What the task requires: Please reproduce the entries below exactly from the line holding "Location Voiture Aéroport" through the last line, both included, and omit any pictures.

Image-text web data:
· · · · ·
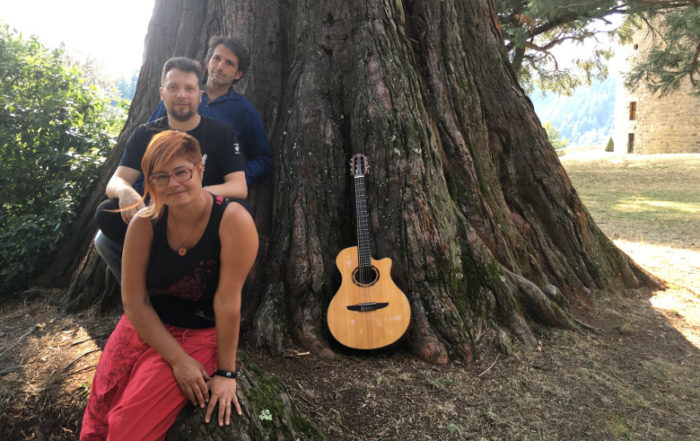 Groupe Callune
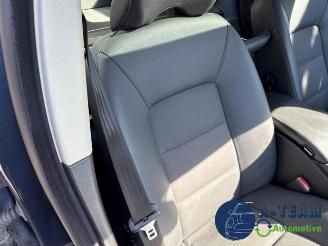 Volvo V-70 V70 (BW), Combi, 2007 / 2016 2.0 16V picture 20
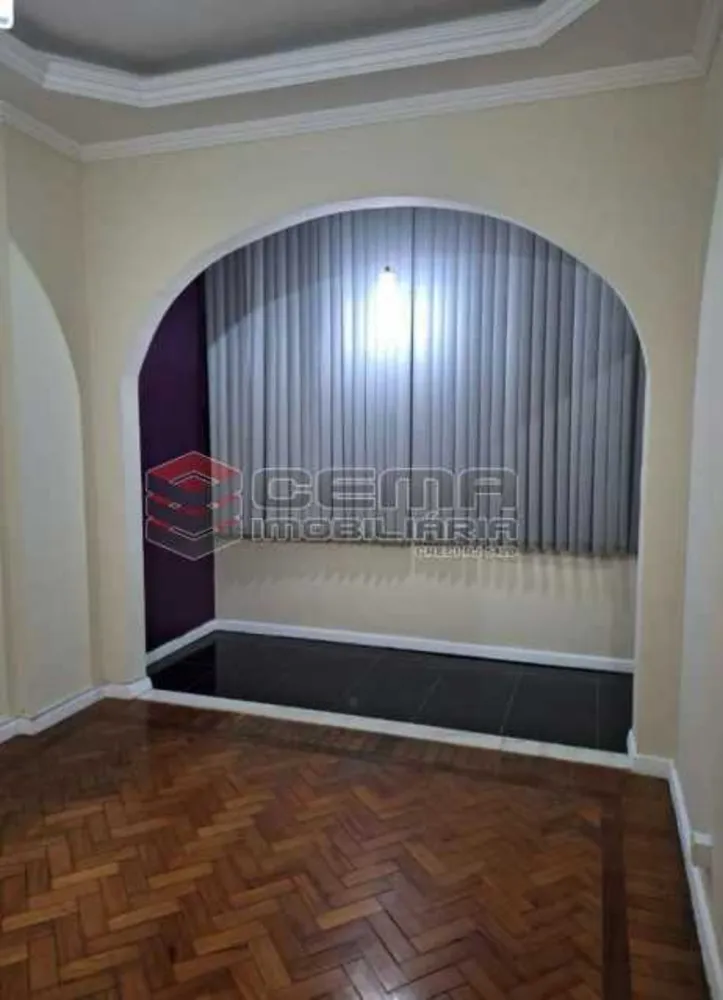 Apartamento, 1 quarto, 52 m² - Foto 3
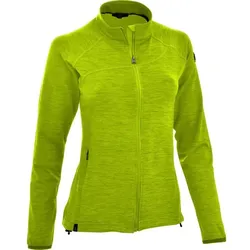 MAUL Sport Manaslu - Leichte Fleecejacke curry (49) 44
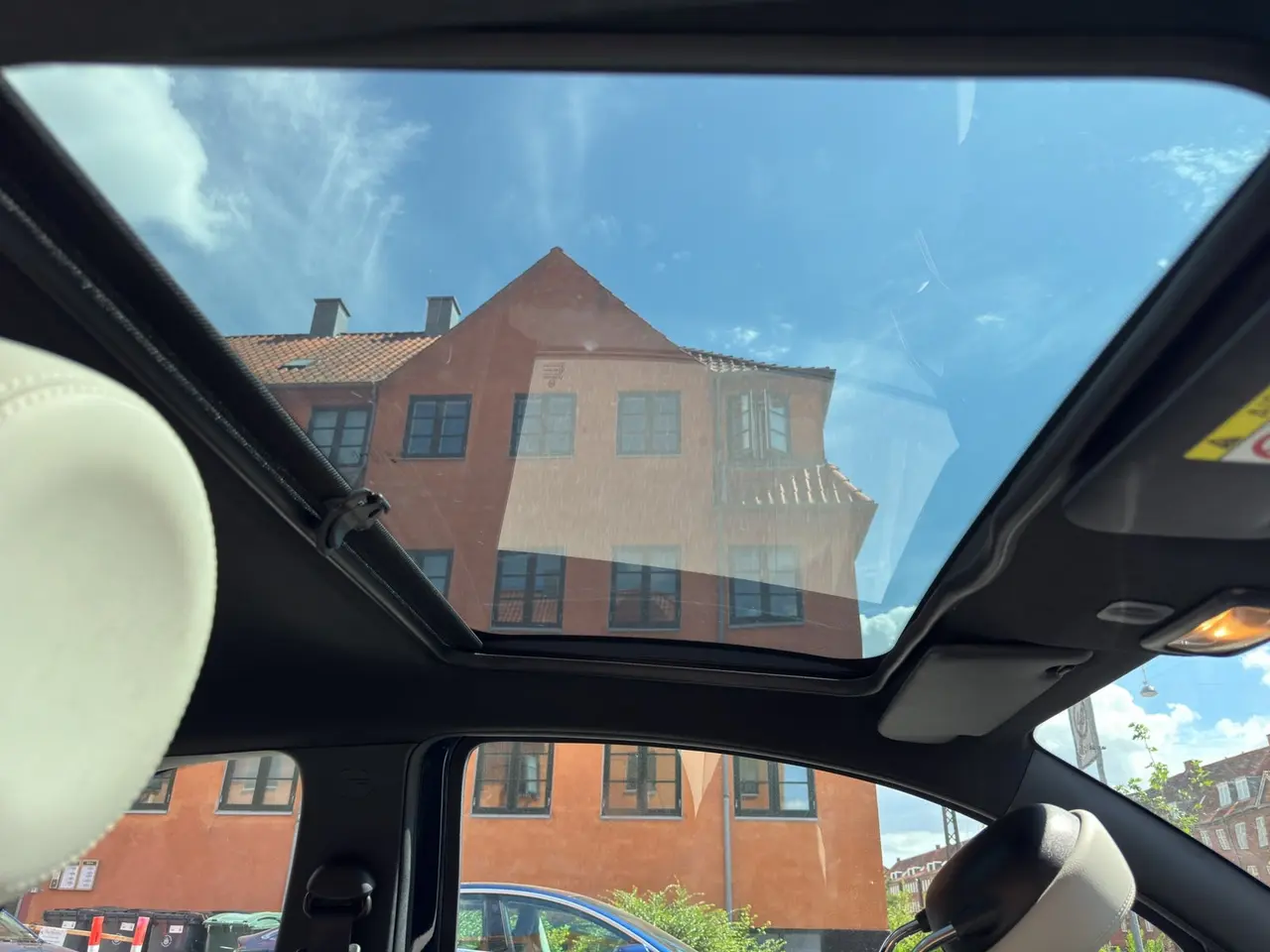 Billede 19 - Fiat 500 1,0 Hybrid Dolcevita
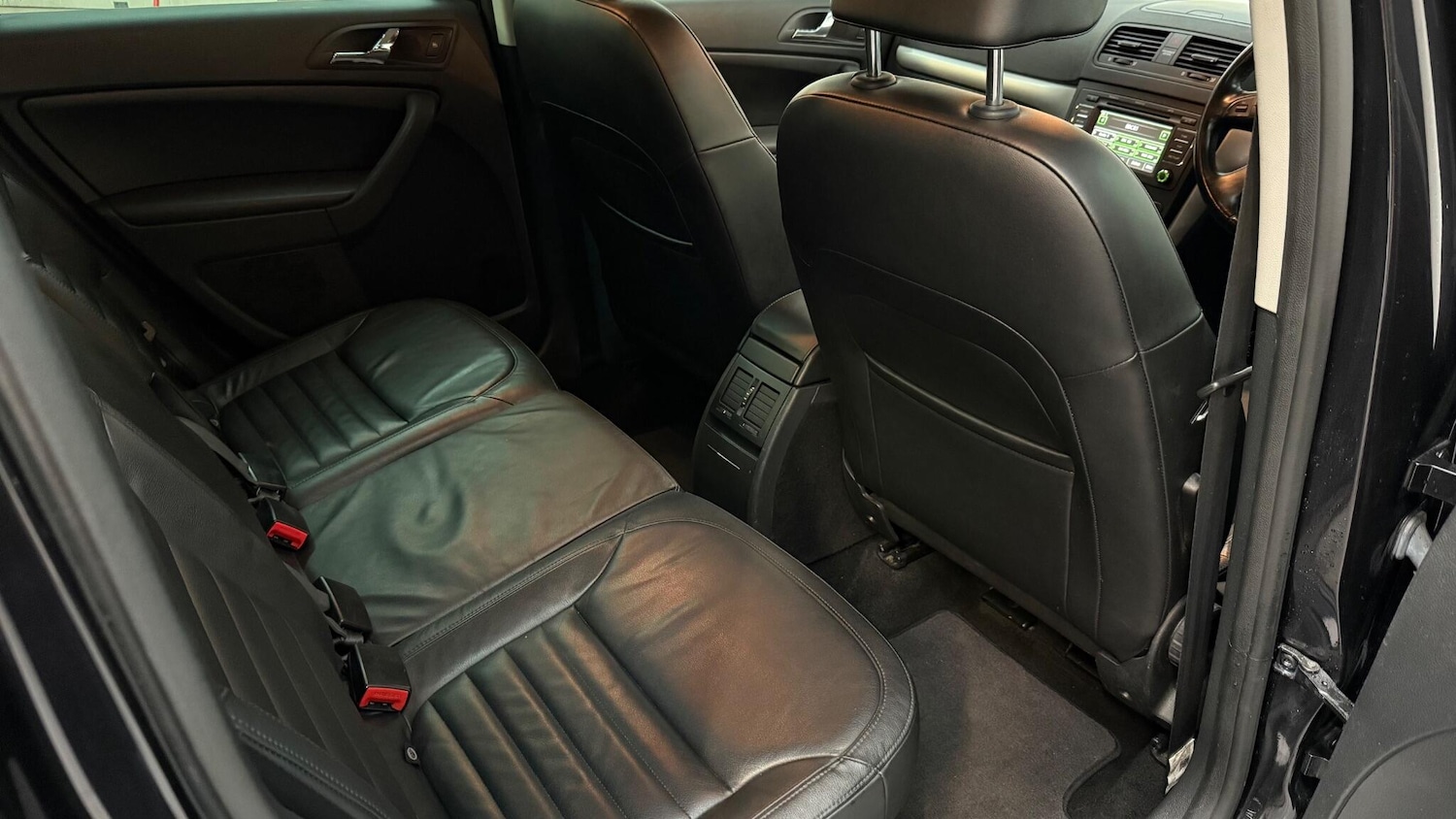 Used Skoda Yeti 2010 for sale - 76314347: Photo 37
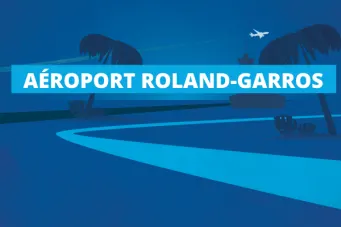 Location Voiture Aéroport Saint Denis Roland Garros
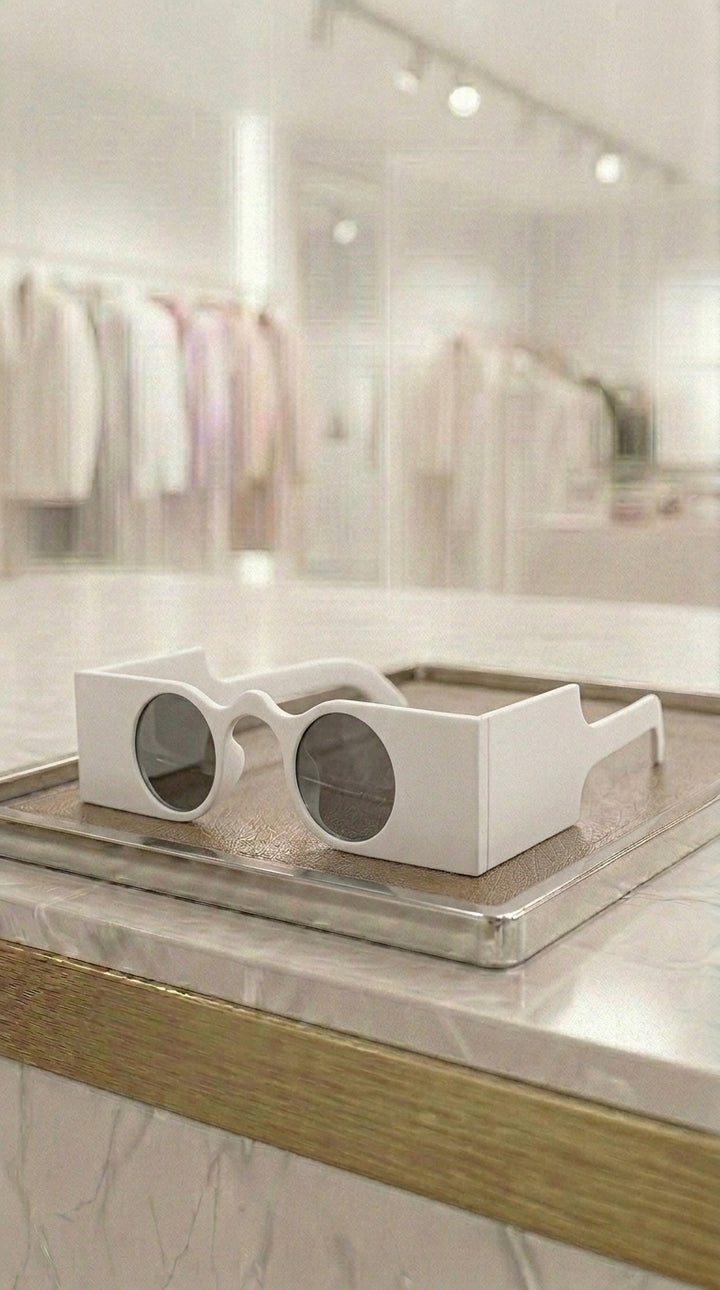 Vela | Gafas de diseño 2X1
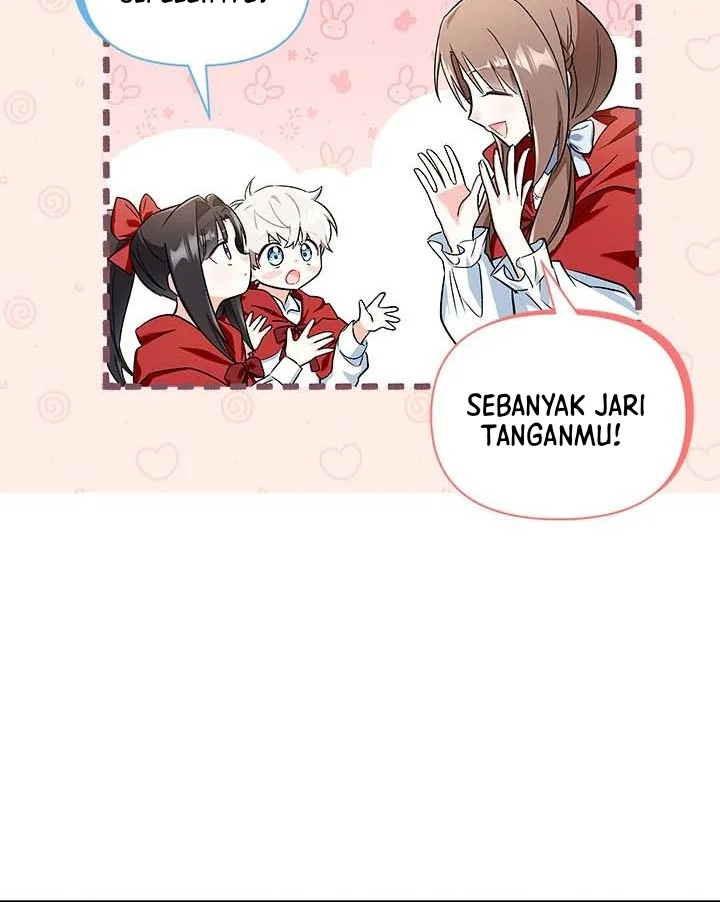 How Can You Pay Back The Kindness I Raised With Obsession? Chapter 4 Gambar 28
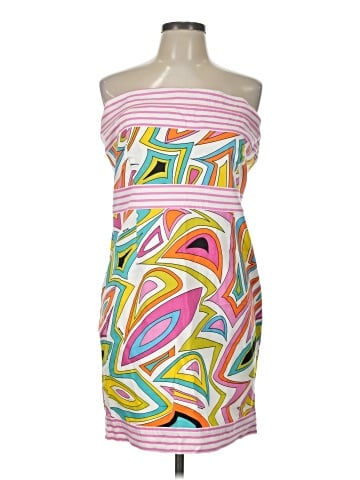 Gretchen Scott Designs Cocktail Dress (view 1)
· · · · ·
Result:
 Location Voiture Aéroport Saint Denis Roland Garros
 Vela | Gafas de diseño 2X1
 How Can You Pay Back The Kindness I Raised With Obsession? Chapter 4 Gambar 28
 Gretchen Scott Designs Cocktail Dress (view 1)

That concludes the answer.